A word-for-word copy of the records is needed, with every picture left out.

════════

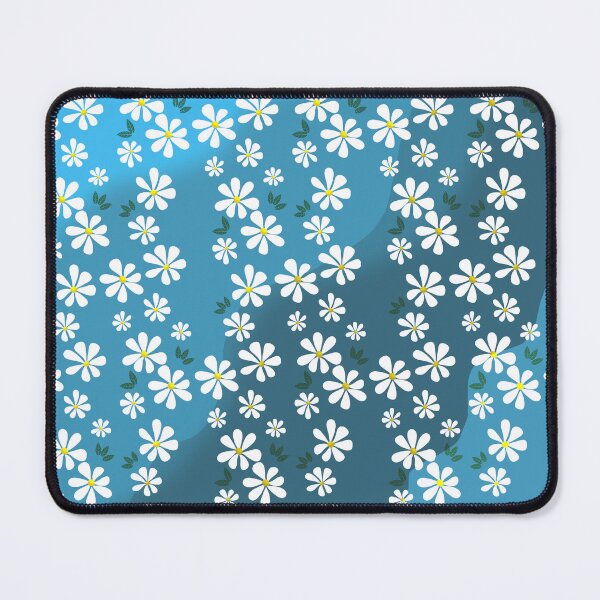 Item preview, Floral Pattern on Blue Background designed and sold by Andrew Hitchen.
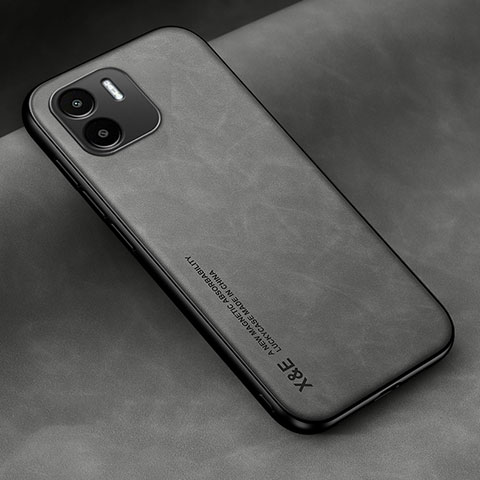 Funda Lujo Cuero Carcasa DY2 para Xiaomi Redmi A1 Gris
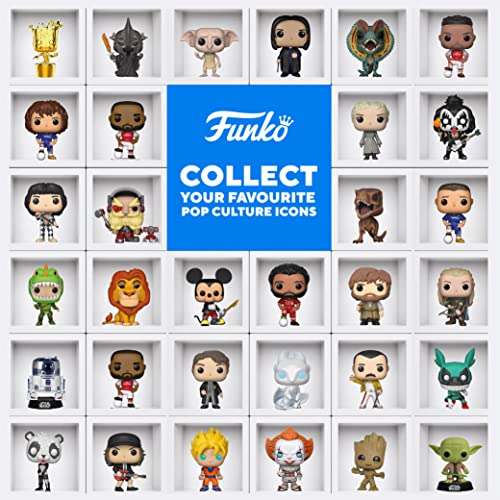 Funko Collect display card featuring a grid of Pop! character figures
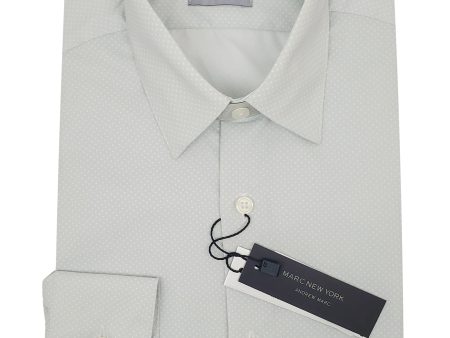 Andrew Marc 34949 Boy s Dress Shirt - Skinny Fit - Dot - GreyWhite Online Hot Sale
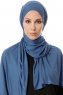 Hande - Indigo Bomull Hijab - Gülsoy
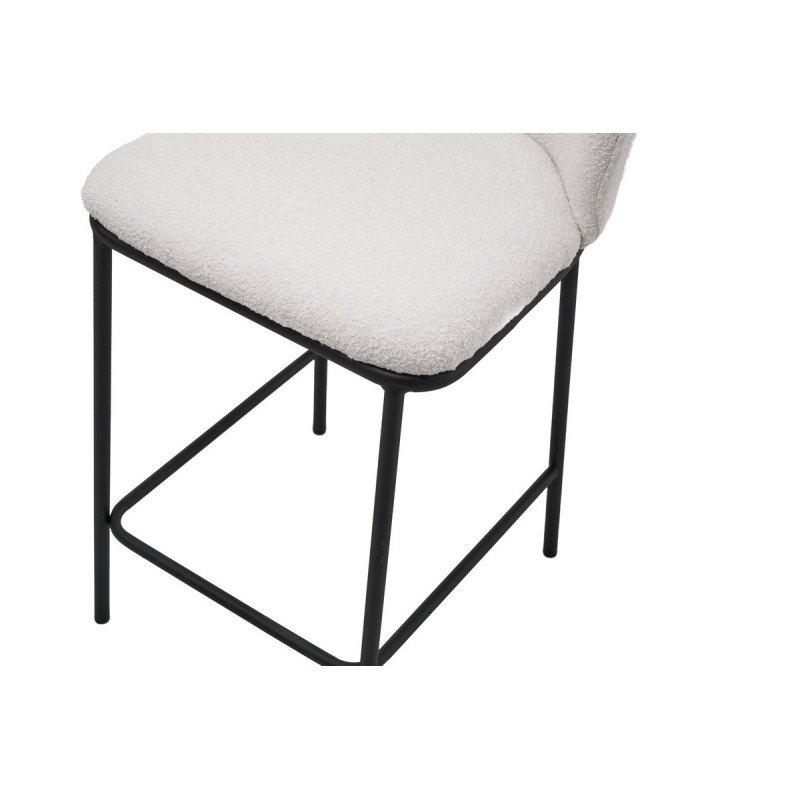 Напівбарний стілець B-300 айворі + чорний 
Vetro Mebel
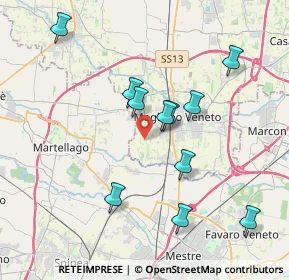 Mappa Via Ghetto, 31021 Mogliano Veneto TV, Italia (3.67909)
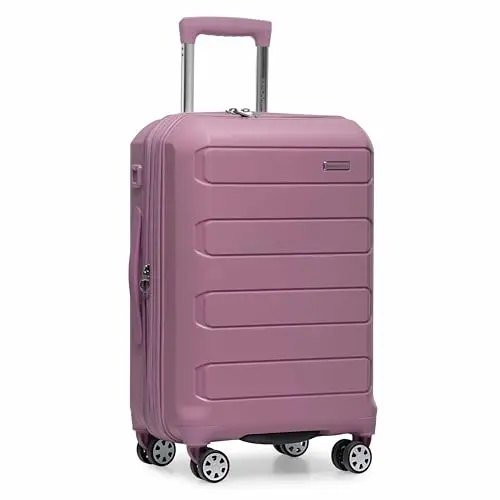 

Чемодан Traveler's Choice Pagosa Indestructible Hardshell Expandable Spinner, цвета мавли, 22-дюймовый, ручная кладь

════════

TASK SOLUTION:
 Item preview, Floral Pattern on Blue Background designed and sold by Andrew Hitchen.
 Funda Lujo Cuero Carcasa DY2 para Xiaomi Redmi A1 Gris
 Funko Collect display card featuring a grid of Pop! character figures
 Andrew Marc 34949 Boy s Dress Shirt - Skinny Fit - Dot - GreyWhite Online Hot Sale
 Hande - Indigo Bomull Hijab - Gülsoy
 Напівбарний стілець B-300 айворі + чорний 
Vetro Mebel
 Mappa Via Ghetto, 31021 Mogliano Veneto TV, Italia (3.67909)

Чемодан Traveler's Choice Pagosa Indestructible Hardshell Expandable Spinner, цвета мавли, 22-дюймовый, ручная кладь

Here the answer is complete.